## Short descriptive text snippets
-- Opening Marker --

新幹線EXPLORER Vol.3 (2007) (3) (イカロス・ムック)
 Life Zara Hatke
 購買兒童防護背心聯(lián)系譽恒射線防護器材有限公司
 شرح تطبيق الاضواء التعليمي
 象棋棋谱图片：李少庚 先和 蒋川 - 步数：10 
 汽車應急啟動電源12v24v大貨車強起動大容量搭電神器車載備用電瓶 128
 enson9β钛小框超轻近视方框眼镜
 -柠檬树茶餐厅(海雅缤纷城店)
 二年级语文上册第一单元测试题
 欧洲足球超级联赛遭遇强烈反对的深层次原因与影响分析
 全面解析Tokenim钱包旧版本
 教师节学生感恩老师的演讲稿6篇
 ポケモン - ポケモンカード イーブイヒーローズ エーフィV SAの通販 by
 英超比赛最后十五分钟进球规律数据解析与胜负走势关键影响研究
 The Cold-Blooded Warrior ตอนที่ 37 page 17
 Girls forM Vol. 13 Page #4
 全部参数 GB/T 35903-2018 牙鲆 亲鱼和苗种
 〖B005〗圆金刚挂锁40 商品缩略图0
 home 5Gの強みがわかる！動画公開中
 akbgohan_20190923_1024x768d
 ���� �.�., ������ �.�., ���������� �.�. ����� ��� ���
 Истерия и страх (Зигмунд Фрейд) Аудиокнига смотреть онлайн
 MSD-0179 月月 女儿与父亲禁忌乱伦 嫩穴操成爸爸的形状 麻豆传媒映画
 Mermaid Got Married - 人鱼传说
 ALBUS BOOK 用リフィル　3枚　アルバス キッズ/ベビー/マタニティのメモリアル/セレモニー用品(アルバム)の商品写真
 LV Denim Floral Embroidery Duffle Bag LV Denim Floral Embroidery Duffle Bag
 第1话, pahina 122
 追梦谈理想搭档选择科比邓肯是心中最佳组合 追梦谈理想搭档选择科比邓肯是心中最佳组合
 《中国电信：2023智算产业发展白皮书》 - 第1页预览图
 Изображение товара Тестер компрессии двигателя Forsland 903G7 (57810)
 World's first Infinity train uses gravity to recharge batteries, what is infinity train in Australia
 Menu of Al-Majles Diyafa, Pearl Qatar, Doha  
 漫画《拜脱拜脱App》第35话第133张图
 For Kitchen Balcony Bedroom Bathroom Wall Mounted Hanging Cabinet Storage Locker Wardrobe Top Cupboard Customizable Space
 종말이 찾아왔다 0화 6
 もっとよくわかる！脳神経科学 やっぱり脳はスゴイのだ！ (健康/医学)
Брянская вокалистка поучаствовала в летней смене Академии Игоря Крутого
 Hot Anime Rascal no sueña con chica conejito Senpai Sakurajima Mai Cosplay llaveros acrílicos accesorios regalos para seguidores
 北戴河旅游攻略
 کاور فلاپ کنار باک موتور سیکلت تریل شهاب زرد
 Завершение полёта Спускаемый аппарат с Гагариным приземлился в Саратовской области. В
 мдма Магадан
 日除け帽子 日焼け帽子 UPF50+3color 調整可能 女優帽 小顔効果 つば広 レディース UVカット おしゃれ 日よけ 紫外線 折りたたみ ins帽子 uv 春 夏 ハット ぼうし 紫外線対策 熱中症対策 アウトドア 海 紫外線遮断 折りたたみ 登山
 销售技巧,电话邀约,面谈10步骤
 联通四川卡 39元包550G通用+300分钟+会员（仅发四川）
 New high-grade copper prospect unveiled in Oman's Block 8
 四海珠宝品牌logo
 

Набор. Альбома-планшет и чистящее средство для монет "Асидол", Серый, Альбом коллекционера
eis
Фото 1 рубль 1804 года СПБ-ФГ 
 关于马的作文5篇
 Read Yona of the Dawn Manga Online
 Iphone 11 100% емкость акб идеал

-- Closing Marker --

## The problem
Look for "Брянская вокалистка поучаствовала" in the records. Write out its line and every later line through the end exactly, with nothing more.

## Answer space
Брянская вокалистка поучаствовала в летней смене Академии Игоря Крутого
 Hot Anime Rascal no sueña con chica conejito Senpai Sakurajima Mai Cosplay llaveros acrílicos accesorios regalos para seguidores
 北戴河旅游攻略
 کاور فلاپ کنار باک موتور سیکلت تریل شهاب زرد
 Завершение полёта Спускаемый аппарат с Гагариным приземлился в Саратовской области. В
 мдма Магадан
 日除け帽子 日焼け帽子 UPF50+3color 調整可能 女優帽 小顔効果 つば広 レディース UVカット おしゃれ 日よけ 紫外線 折りたたみ ins帽子 uv 春 夏 ハット ぼうし 紫外線対策 熱中症対策 アウトドア 海 紫外線遮断 折りたたみ 登山
 销售技巧,电话邀约,面谈10步骤
 联通四川卡 39元包550G通用+300分钟+会员（仅发四川）
 New high-grade copper prospect unveiled in Oman's Block 8
 四海珠宝品牌logo
 

Набор. Альбома-планшет и чистящее средство для монет "Асидол", Серый, Альбом коллекционера
eis
Фото 1 рубль 1804 года СПБ-ФГ 
 关于马的作文5篇
 Read Yona of the Dawn Manga Online
 Iphone 11 100% емкость акб идеал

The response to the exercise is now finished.